Links: Documentation

MiMo-V2-Flash

image

MiMo-V2-Flash is a Mixture-of-Experts (MoE) language model developed by the Xiaomi MiMo team. Designed to establish a new balance between long-context modeling capabilities and inference efficiency, the model is built for strong performance in complex reasoning and agentic tasks. Trained on 27T tokens with native 32k sequence lengths, MiMo-V2-Flash seamlessly supports an extended 256K context window while significantly reducing KV-cache storage compared to standard global attention models.

Links: Documentation

Nemotron 3.5 ASR

image

Nemotron 3.5 ASR is a 600M-parameter multilingual speech recognition model from NVIDIA, built for high-quality transcription in both low-latency streaming and high-throughput batch settings, with native punctuation and capitalization. For streaming, it offers configurable chunk sizes—80ms, 160ms, 560ms, and 1120ms, letting users trade off latency against accuracy to suit their application. Its cache-aware FastConformer-RNNT architecture is central to this capability: unlike traditional buffered streaming, which repeatedly reprocesses overlapping audio windows, the model processes only each new incoming chunk while reusing cached encoder context from prior chunks. This eliminates redundant computation, significantly improves efficiency, and minimizes end-to-end delay without sacrificing accuracy, making it well suited to real-time transcription workloads.

Links: Documentation

NemotronAsrStreaming

Nemotron ASR Streaming is a 600M-parameter English speech recognition model from NVIDIA, built for high-quality transcription in both low-latency streaming and high-throughput batch settings, with native punctuation and capitalization. For streaming, it offers configurable chunk sizes—80ms, 160ms, 560ms, and 1120ms, letting users trade off latency against accuracy to suit their application. Its cache-aware FastConformer-RNNT architecture is central to this capability: unlike traditional buffered streaming, which repeatedly reprocesses overlapping audio windows, the model processes only each new incoming chunk while reusing cached encoder context from prior chunks. This eliminates redundant computation, significantly improves efficiency, and minimizes end-to-end delay without sacrificing accuracy, making it well suited to real-time transcription workloads.

Links: Documentation

Qwen3 ASR

image

Qwen3 ASR is an automatic speech recognition model from Alibaba's Qwen team that combines a Whisper-style audio encoder with a Qwen3 language model decoder for speech-to-text transcription. The model supports automatic language detection and multilingual transcription.
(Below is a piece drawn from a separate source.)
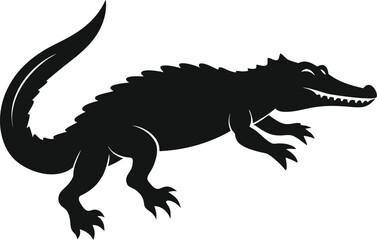 Obraz premium black crocodile vector illustration silhouette, Print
A forced aligner model is also included. It can be used to timestamp a provided transcript and its audio. It uses the same audio encoder model with a classification head that predicts a word's length. This model can be used with the transcript from any ASR model (see the example below with Parakeet CTC).

Links: Documentation

ZAYA

image

ZAYA1 is a 760M active / 8.4B total parameter MoE language model trained by Zyphra. It combines Compressed
Convolutional Attention (CCA), a nonlinear ZAYA1 router, and residual scaling.

Links: Documentation

VideoPrism

The VideoPrism model was proposed in the paper VideoPrism: A Foundational Visual Encoder for Video Understanding by Google DeepMind (blog post).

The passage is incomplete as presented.